La vieja Britannia no quiere seguir formando parte de la Unión Europea, acaso por el mismo porqué y la misma razón que a muchísimas españolas y a otros muchos españoles no les hace ningún tilín de gracia y gusto tener que aguantar a la hamburguesa Führerin o cancillera Ángela Merkel, organizando sus días, horas y vidas, exigiéndoles llevar una existencia sofocante y obligándolos a sacrificarse por el bien de la economía en crisis, a lo que las que no están del todo alienadas y quienes no se hallan por completo enajenados le responden que, si la economía está mal, que reviente, y que la única salida que tiene la gente para ser libre y no sobrevivir de sobresalto en sobresalto en la opresión consiste en destruir de una vez este maldito sistema que nos roba salud y alegría y nos convierte en basura si le resulta provechoso y necesario.

Es algo amargamente grotesco que Alemania, la urdidora de dos grandes guerras mundiales, con millones de muertos, sea la mandamás de los más fuertes países europeos y que pueda ufanarse de poder cumplir el más ardiente y querido deseo del genocida que exterminó a generaciones del pueblo judío y que fue su Fühhrer: Unificar toda Europa bajo su mando, bajo el gobierno, tutela y cetro de la fuerte Deutschland, de esa Alemania, "Alemania, sobre todo, sobre todo el mundo", como afirma la letra de su himno, esa Alemania victoriosa, triunfante, la Alemania del nazionalsocialismo, encaramada en la cima de las naciones que deben darle culto de latría.

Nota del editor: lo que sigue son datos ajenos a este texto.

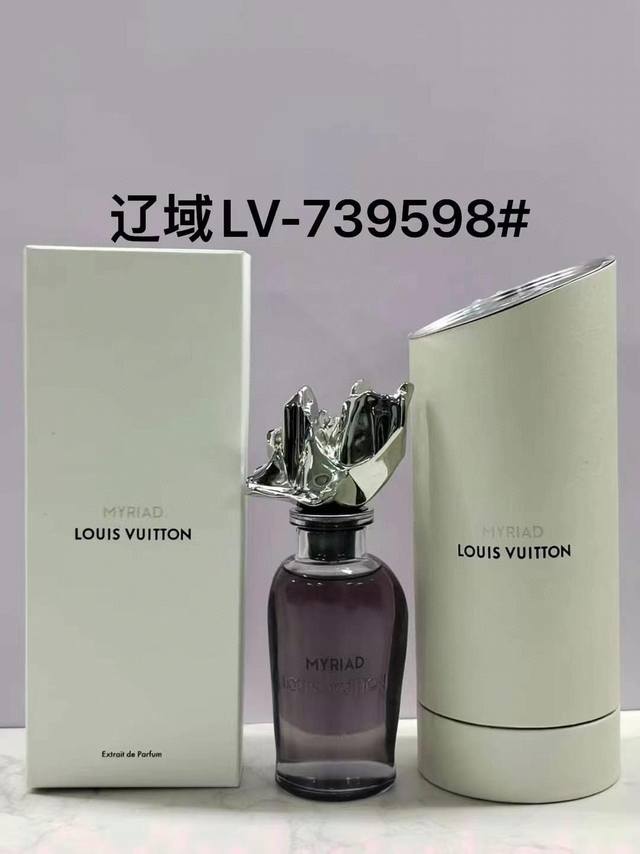 高品质 Lv辽域中性浓香水100Ml Louis Vuitton Myriad, 香调：木质东方调 属性：中性香 气味：藏红花 玫瑰 沉香 乌木 可可果 麝香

Pero la historia es una regoldadora que siempre, pronto o tarde, repite lo feo, lo sórdido, lo hediondo. Por eso es urgente no consentir, para evitar su resurrección, que ocurran esos hechos macabros que están sucediendo cada día como son que haya naciones pobres estrujadas por otras que quieren ser ricas a su costa o que el hambre del prójimo sea algo cotidiano y no una monstruosidad anormal que tenga por fuerza que comer los desechos orgánicos de los contenedores de basura y alimentarse de pan seco, y de peladuras y corazones de manzanas, y que no escandalice que haya personas que duerman en la calle, porque carecen del abrigo de un techo y de una cama, o que existan torturadores menores de edad que, con el silencio cómplice de algunos o las risitas de colaboración de otros, le hagan a un compañero de clase la existencia tan insoportable e invivible que lo lleven a tal desesperación como es tirarse por un acantilado o colgarse de la rama de una higuera. Es terrible también escuchar de pronto a una joven madre decirle ácidamente, y en tono mayor y acusatorio en la calle a su hijo de tan pocos años, que no le llegaba a la cintura, palabras bestiales como: Ya te dije mil veces y te lo voy a repetir de nuevo para que lo sepas por fin y no me sigas dando la vara, así que óyeme: papá está muerto, se murió y no, no va a volver y no me hables nunca, nunca más de él.

En los ojos y en la lágrimas de aquel niño de tres o cuatro años vi, estremecida, el dolor tremebundo y la honda amargura de un viejo recordando su infancia.

Le dije a la mujer que era demasiado pequeño para comprender qué era la muerte y, muy airada, me recomendó que no me metiera en su vida; le repliqué que era ella quien se había colado en la mía, metiéndome en los oídos algo tan cruel como lo que le había dicho a su hijo. Resopló y se llevó a la carrera, tirando de una de sus manos, a aquella criatura maltratada por ella, su madre. Pensé que lo sucedido era, a mi modo de ver, denunciable y punible, pero no tenía testigos, porque ninguno de los viandantes que oyeron a la mujer dieron importancia a sus crueles palabras que ya se había llevado el nordeste.